[Given data]

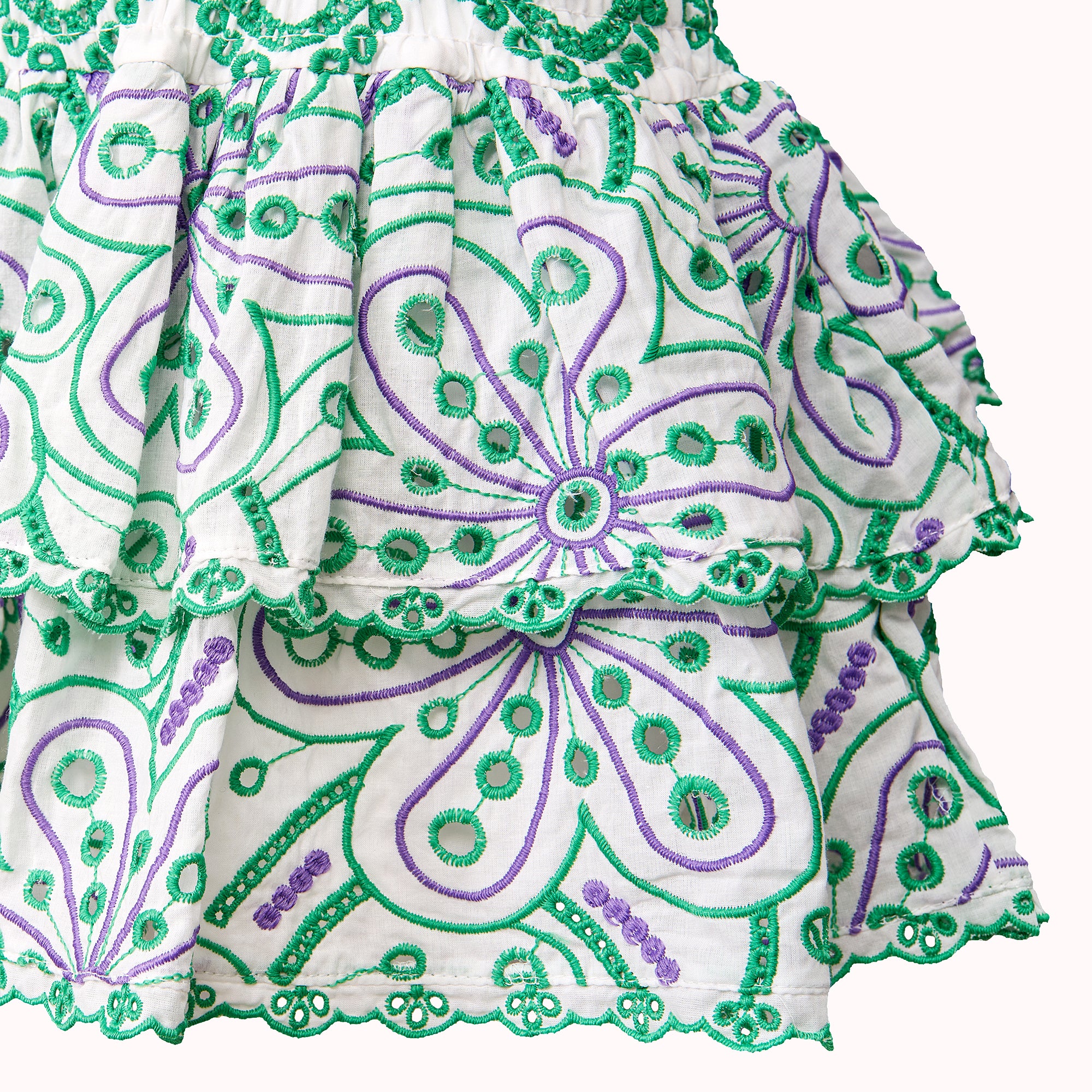 Amor summer dress – Emma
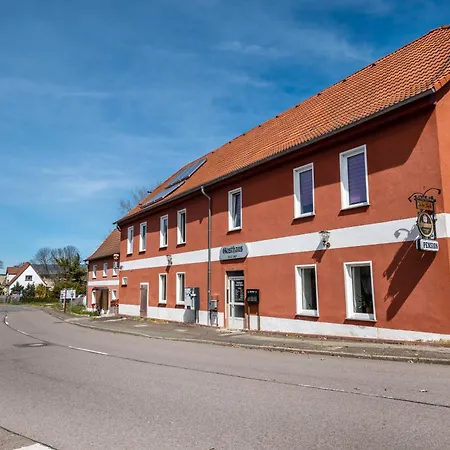Luetzen Muschwitz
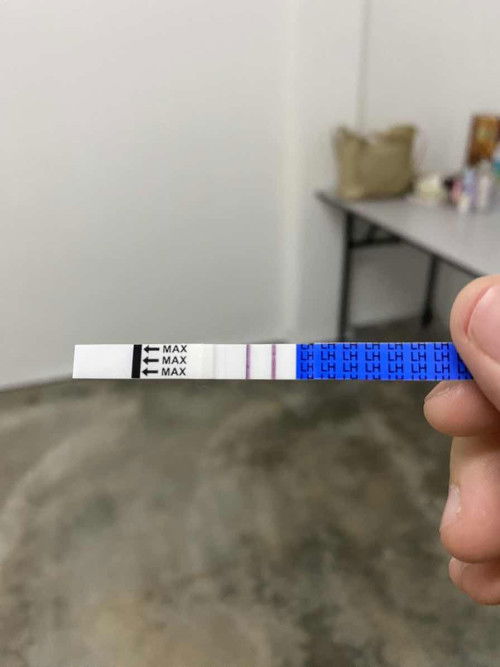 Opk positive kan?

[/Given data]

## Instructions for the task
Leave out the pictures, then return every line of the data exactly.

## Exercise answer
 Amor summer dress – Emma
Luetzen Muschwitz
 Opk positive kan?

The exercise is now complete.